All of these layers are present within the modern storage system, and the level of complexity grows with NetApp devices due their integrated design. The challenge is to gain access to the final layer of data storage after one or more of the preceding layers have failed. Additionally, if the all of the storage layers are operational but human error occurs - or system redundancy (such as the snapshot technology) is not configured correctly and a disaster happens - then it may be necessary to contact the Ontrack Data Recovery division of Kroll Ontrack to recover the critical data files.

Over the past decade, most NetApp recoveries performed by Ontrack Data Recovery engineers involved individual storage device failures—one or two hard disk drives out of the RAID layer fail thereby disabling the built-in redundancy. Recovery experts in one of the Ontrack Data Recovery clean room labs have a high success rate getting the hard disk drive operational and the contents of the drive extracted. The extracted data is then written to a drive similar to those used in NetApp devices and those replacement drives are returned to the system. There would be enough of the extracted data present to ensure that the other data storage layers were operational, and the user would have a small impact to file integrity.

In other cases, hard disk drive firmware upgrades provided opportunities to work with the system area of hard disk drives and restore critical operational information in order to get the storage device working again. The entire unit would work long enough for the target data to be copied off, again with minimal impact to file integrity.

Recovery after a Failure – A Case Study

Over the past six months, a new opportunity presented itself.

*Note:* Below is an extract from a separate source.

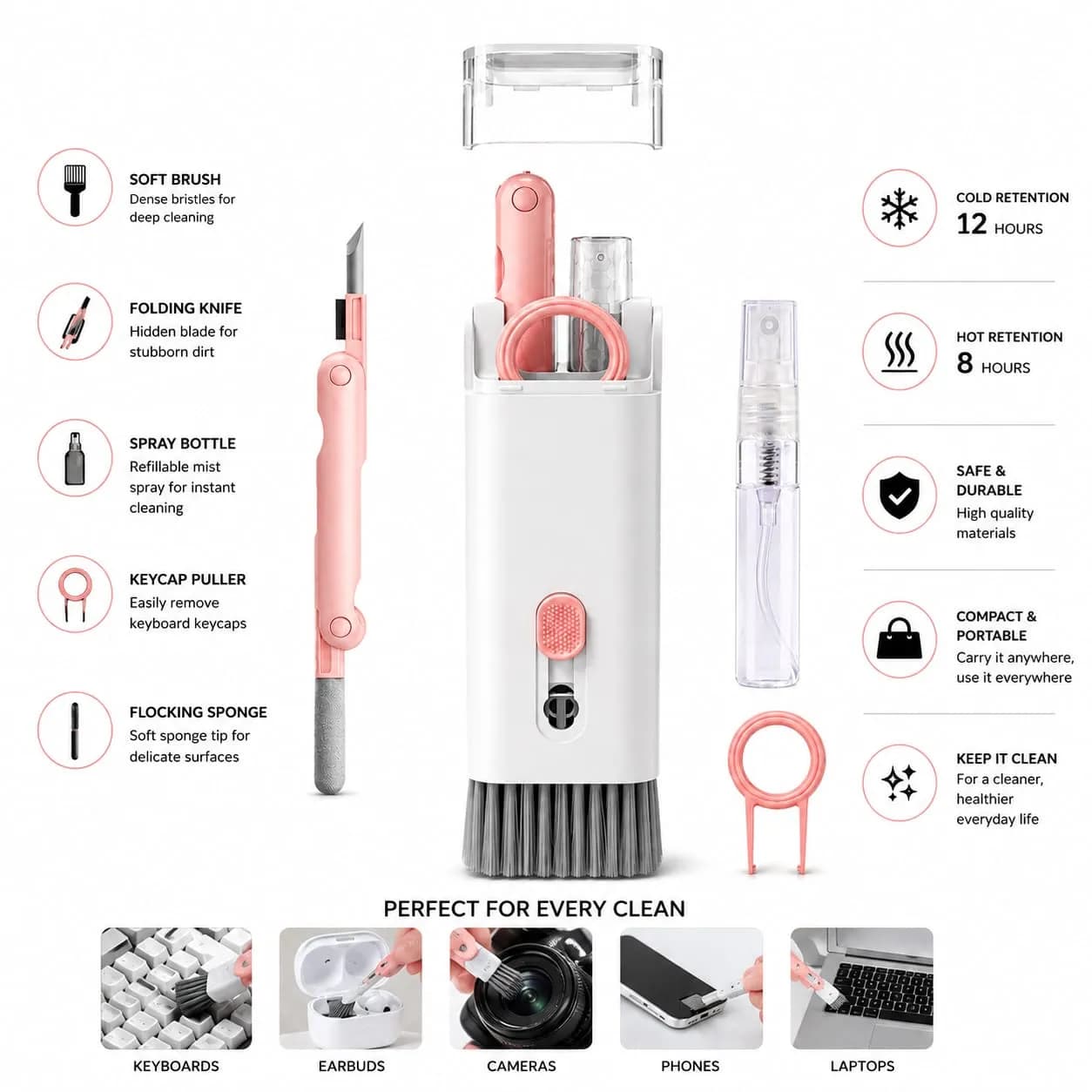 LIAOVESS Electric Makeup Brush Cleaner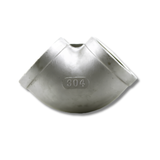 Boshart Industries SS304E Series Class 150 Light 304 Stainless Fittings - ISO 4144 90° Elbow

Due to companies experiencing the effects of the worldwide economic downturn of 2008/2009, many IT staff responsibilities are being consolidated to a handful of employees. This can increase the likelihood of human error as the root cause of a disaster. In one case, the sheer volume of snapshots forced IT staff into managing a small window of point-in-time backups. This created a vacuum when the delta between live data and backup data exceeded the storage of the appliance. To maintain availability, key snapshot data was deleted from the system. Then a data disaster struck the storage system.

During a file's life cycle (see figure 1), there is a constant need for recoverability. When this need was removed from the above case and a disaster occurred that fell outside of the snapshot recovery point, the only resolution was to contact an expert in data recovery techniques. As the above storage layer describes, this particular data loss happened at the upper-most level—the file system layer.

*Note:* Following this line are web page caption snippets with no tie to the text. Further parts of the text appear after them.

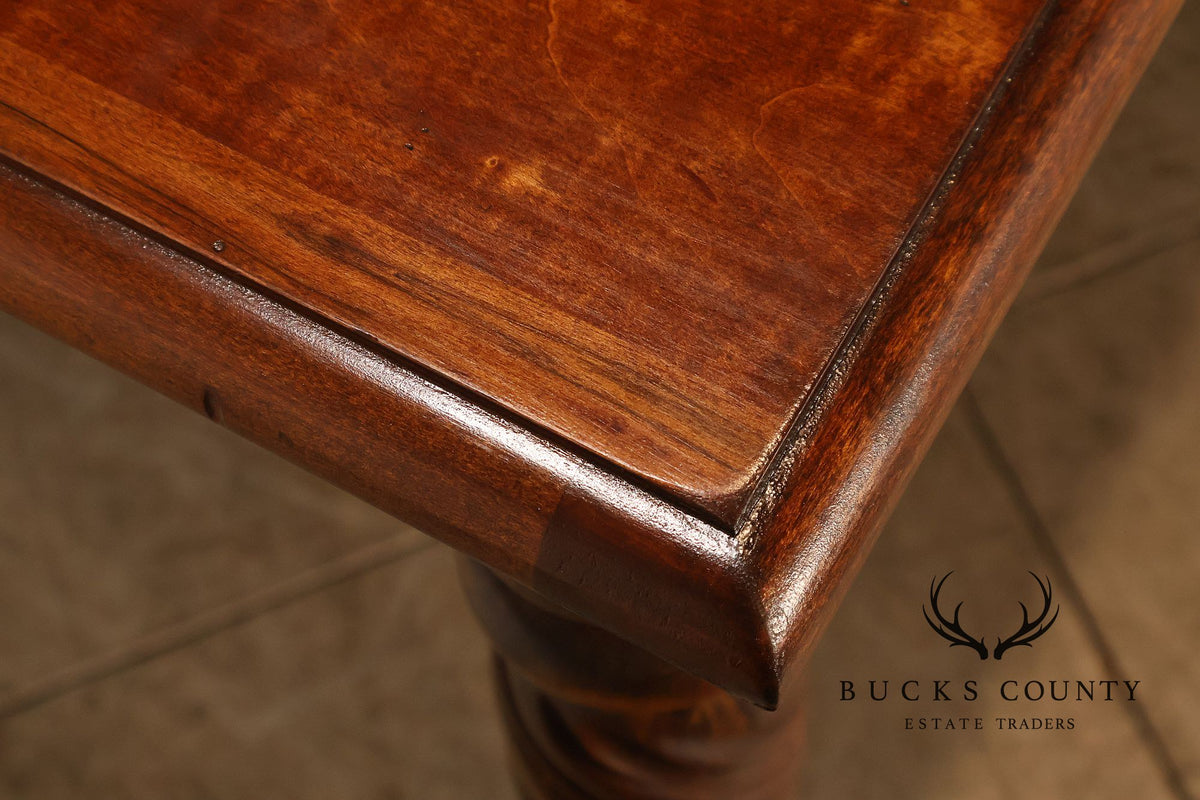 Ethan Allen British Classics Maple And Birch Dining Table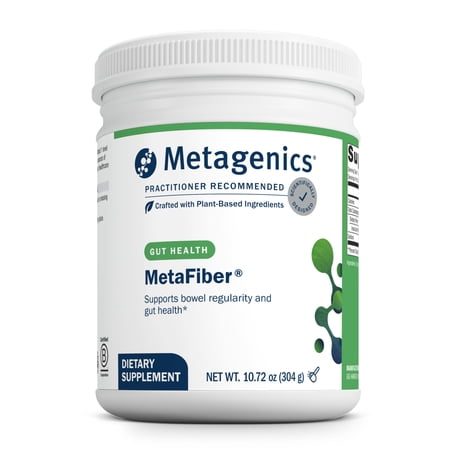 Metagenics MetaFiber - 6 g Dietary Fiber - Supports GI Regularity & Occasional Constipation Relief* - Fiber Blend Powder - Non-GMO & Gluten-Free - 10.72 oz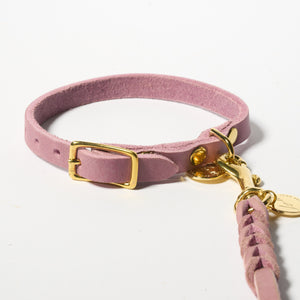 Hundehalsband Fettleder Flieder-Gold / 22-28cm Flieder-Gold 22-28cm  - von Leopold's kaufen bei leopolds-finest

Ontrack Data Recovery engineers worked to develop solutions to repair the file system's meta-data so that target data would again be accessible. This process involves an in-depth understanding of file system allocation methods. The end-goal was to get this client's data accessible again and the Ontrack Data Recovery team was successful in getting a solution developed that met the time frame and data integrity requirements of the data owners.

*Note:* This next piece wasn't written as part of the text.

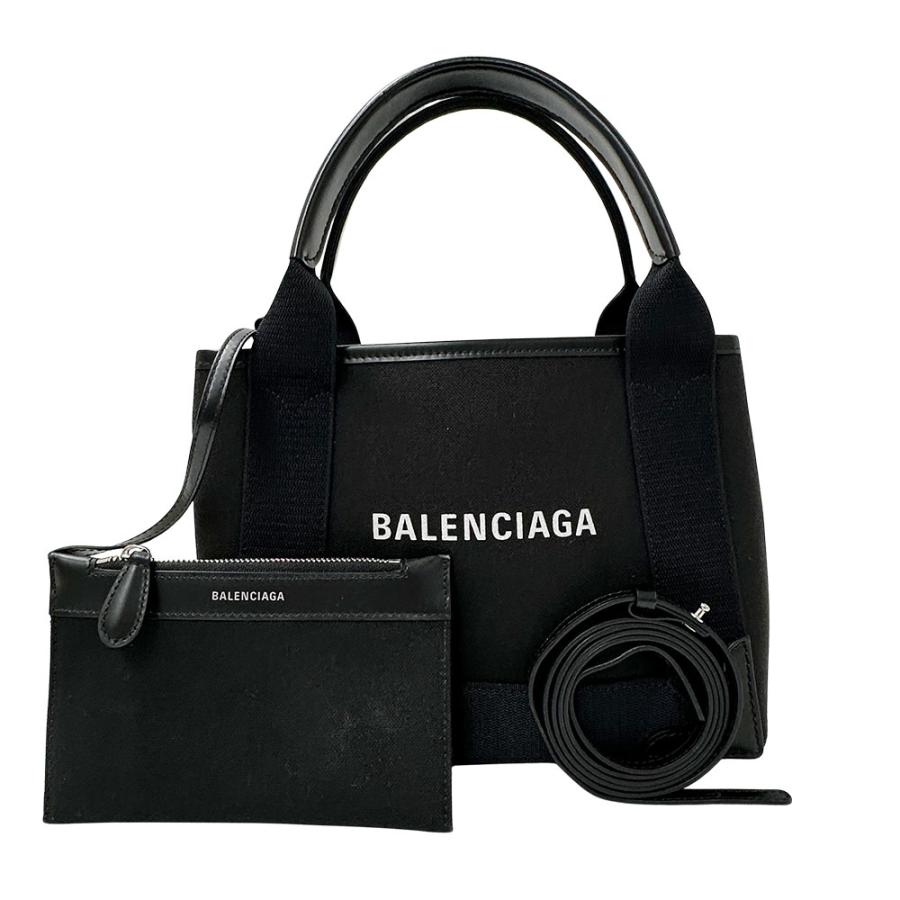 BALENCIAGA バレンシアガ カバスXS ポーチ付き ブラック BALENCIAGA（バレンシアガ） バッグ ハンドバッグ キャンバス ネイビー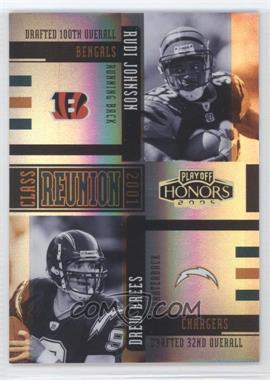 2005 Playoff Honors - Class Reunion - Holofoil #CR-18 -  Rudi Johnson, Drew Brees /100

This innovation can now provide Ontrack Data Recovery solutions to NetApp file systems where the WAFL snapshots have been purged from the storage pool or entire volumes have been destroyed. In addition, specific recovery techniques can also verify and return the file system to a consistent state. This is very important when evaluating the success of the recovery and the extent of potential data corruption.

This capability, along with electronic and magnetic storage expertise, RAID rebuilding expertise, and an entire staff of dedicated, experienced engineers who work to get the best recovery possible, is what sets Kroll Ontrack apart from other recovery companies.